A headteacher has been struck off for failing to disclose more than 28,000 pupil absences altered in a bid to bolster his school’s attendance figures.
Peter Spencer, 52, allegedly ordered staff to log missing pupils as present when they were not in class after an inspection had called for improved attendance.
The deception, at Queen Elizabeth High School in Carmarthen, South Wales, went on for five years before it was reported by a whistle-blower, a hearing was told.
Between 2014 and 2019, more than 28,000 pupil absences at the high school were changed, an Education Workforce Council (EWC) panel heard.
Mr Spencer, who left the 1,500-pupil school in 2020, denied he told members of staff to falsify attendance figures but admitted failing to report data had been altered after learning of the deception.
The EWC hearing was told schools receive more funding and rank better on national performance measures based on higher attendance.
Luke Lambourne, presenting officer, said one member of staff was drawn into Mr Spencer’s ‘web of deceit’ out of misguided loyalty while others felt ‘under pressure’ to join in the deception.
A senior member of staff told the committee he was among those asked by Mr Spencer to alter codes ‘n’ for not present and ‘i’ for ill to a symbol showing those pupils as having attended school.
The unnamed staff member said he ‘had felt anxious the whole time’.
He told the panel Mr Spencer asked him to make ‘illegitimate amendments’ to attendance data to ‘show the school in a good light’ and that this ‘dishonest practice’ continued with other staff.
‘It was difficult to say no to the headteacher’s decision,’ he said.
Mr Spencer, who is now head of an international school in Qatar, did not attend the hearing.
In a written statement, he denied ever instructing staff to alter absence data.
He blamed the member of staff for changing the attendance figures – but admitted he failed to report it.
Mr Spencer said he did not disclose the deception because he understood the pressure staff were under.
‘I have never instructed any employee to falsely inflate attendance data,’ Mr Spencer’s written statement said.
‘I accept fully that being aware of malpractice and in not acting I condoned the malpractice.’
‘I did not instigate the programme of attendance inflation. The action was started by my colleague [Person D] unbeknown [sic] to me.’
Mr Spencer said that at the time of the attendance figures being altered schools were under so much pressure that ‘anecdotally it was believed data manipulation was widespread’.

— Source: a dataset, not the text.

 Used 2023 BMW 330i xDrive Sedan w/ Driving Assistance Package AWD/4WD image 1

The deception was reported to school governors by another member of staff in autumn 2018.
The committee was told the ‘whistle blower’ reported being told by someone involved that data was being ‘fiddled’.

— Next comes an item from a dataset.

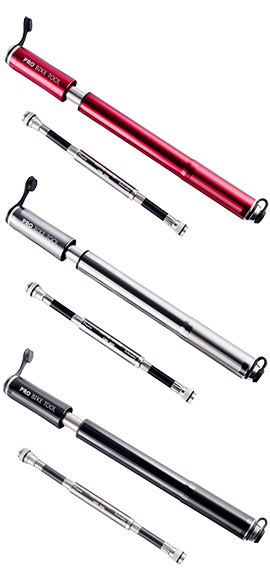 Pro Bike Tool Mini Bike Pump - Image 2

Mr Spencer was found to have committed unacceptable professional conduct.
‘I fully accept my actions fall below the standards expected of a headteacher,’ Mr Spencer said in a statement.
Striking him off the teaching register in Wales, committee chair Peter Owen said: ‘In the committee’s view this was a protracted, serious instance of misconduct over many years.’

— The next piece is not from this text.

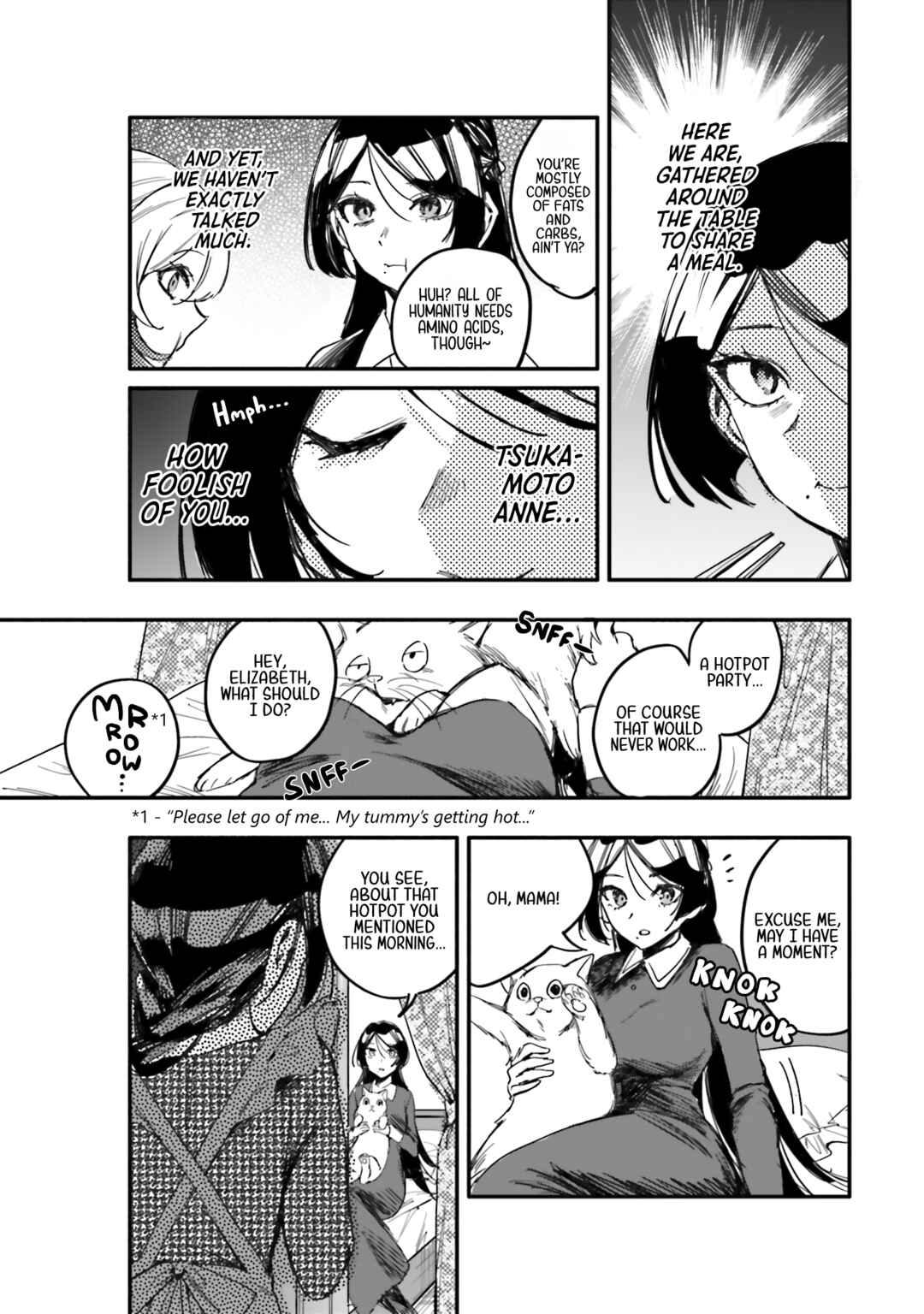 Oshi to no Yuri wa Arienai! Chapter 13 - Page 22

Mr Owen said Mr Spencer’s ‘extent of regret and remorse is limited and not where it should be’.
He said when the deception came to light, the headteacher had tried to influence, rather than accept, the investigation.
The committee said it had taken into account Mr Spencer’s former unblemished record and the good testimony from his current employer when reaching its decision.
However, it deemed the matters too serious, protracted and dishonest for there to be no option but to strike him off the register.
Mr Spencer may not apply to re-join the register in less than five years.